‘Blue Bayou’s’ immigrant tale turns from naturalism to melodrama
Originally Published in The Washington Post
Michael O’ Sullivan – September 15, 2021
From left: Sydney Kowalske, Justin Chon and Alicia Vikander in “Blue Bayou.” (Focus Features)
Chon plays Antonio, who lives with his wife Kathy (Alicia Vikander) and his stepdaughter Jessie (an adorable Sydney Kowalske). Kathy and Antonio are expecting their own child, but Jessie sees Antonio as her “real” daddy — and vice versa — because the girl’s biological father, a police officer named Ace (Mark O’Brien), has until recently been completely out of the picture. As the tale gets underway, Ace is seeking visitation, so far unsuccessfully.
The deportation process kicks in after an over-the-top encounter at the grocery store between Antonio and Ace’s partner (a florid caricature of racism delivered by Emory Cohen) leads to Antonio’s arrest. Antonio’s prior convictions for theft weigh heavily against him, but the family sets out to assemble a lineup of character witnesses who might possibly sway a sympathetic judge.

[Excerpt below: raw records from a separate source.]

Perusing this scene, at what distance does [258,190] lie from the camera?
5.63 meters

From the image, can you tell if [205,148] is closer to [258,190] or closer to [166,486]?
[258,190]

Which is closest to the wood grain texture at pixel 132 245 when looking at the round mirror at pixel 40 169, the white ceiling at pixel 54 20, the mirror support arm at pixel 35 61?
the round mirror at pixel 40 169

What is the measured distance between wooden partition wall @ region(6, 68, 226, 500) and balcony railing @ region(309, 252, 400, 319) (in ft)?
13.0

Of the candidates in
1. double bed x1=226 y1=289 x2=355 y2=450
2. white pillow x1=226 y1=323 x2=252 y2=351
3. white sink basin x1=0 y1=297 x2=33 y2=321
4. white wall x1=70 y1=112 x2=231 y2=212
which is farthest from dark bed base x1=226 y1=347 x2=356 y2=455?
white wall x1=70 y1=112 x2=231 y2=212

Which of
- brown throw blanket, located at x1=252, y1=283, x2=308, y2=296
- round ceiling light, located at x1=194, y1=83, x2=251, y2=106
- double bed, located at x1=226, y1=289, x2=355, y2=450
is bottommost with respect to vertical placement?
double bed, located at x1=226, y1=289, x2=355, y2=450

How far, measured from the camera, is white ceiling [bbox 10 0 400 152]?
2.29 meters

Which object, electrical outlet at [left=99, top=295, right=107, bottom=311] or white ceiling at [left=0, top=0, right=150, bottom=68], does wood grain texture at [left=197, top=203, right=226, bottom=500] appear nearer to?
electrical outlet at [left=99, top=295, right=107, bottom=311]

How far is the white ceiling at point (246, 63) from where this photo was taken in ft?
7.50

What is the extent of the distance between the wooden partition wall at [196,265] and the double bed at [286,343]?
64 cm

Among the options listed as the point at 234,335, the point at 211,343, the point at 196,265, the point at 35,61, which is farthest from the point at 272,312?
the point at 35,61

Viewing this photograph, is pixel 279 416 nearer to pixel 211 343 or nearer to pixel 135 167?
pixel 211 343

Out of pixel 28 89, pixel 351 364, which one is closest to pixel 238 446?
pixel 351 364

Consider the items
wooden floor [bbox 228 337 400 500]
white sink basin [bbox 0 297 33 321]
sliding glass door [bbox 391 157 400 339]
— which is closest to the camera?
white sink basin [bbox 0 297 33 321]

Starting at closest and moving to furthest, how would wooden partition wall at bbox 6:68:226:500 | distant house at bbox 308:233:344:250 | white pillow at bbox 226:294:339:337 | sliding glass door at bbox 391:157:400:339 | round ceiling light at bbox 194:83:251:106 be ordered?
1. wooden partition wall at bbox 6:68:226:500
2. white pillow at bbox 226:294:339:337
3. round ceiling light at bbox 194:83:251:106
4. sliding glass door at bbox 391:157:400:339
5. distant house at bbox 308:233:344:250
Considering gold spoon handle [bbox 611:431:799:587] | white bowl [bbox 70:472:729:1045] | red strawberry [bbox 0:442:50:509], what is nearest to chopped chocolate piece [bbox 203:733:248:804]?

Chon is low-key great here, as is Vikander, whose only misstep is her overly polished, overly professional delivery of the Roy Orbison song that lends the film its title, in the context of a backyard party. And Antonio’s chance encounter with a Vietnamese immigrant and terminal cancer patient (Linh Dan Pham), which leads to a sweet friendship — and a couple of symbolic tattoos — unspools with great sweetness and sensitivity.
But Chon’s mounting narrative miscalculations keep piling up: Antonio has lied about his past in foster care, it turns out, and dark secrets emerge; he slips up in his attempt to stay on the straight and narrow path when he learns what his attorney’s fees will be; and a savage beating — on the eve of his legal hearing, no less — threatens his future.
There are other examples of superfluous storytelling — told both in flashback to Korea and in the present — but it’s pointless to enumerate them all.
It’s a shame, really, because a story about adoptees facing the prospect of — or already having suffered — deportation is one worth telling. On-screen closing titles cite statistics, and show some of the names and faces of those who are — or who have been — in predicaments like Antonio’s. “Blue Bayou” strikes a nerve, of that there is no doubt. But then it keeps poking at it, pointlessly.
R.?At area theaters. Contains strong language throughout and some violence. 117 minutes.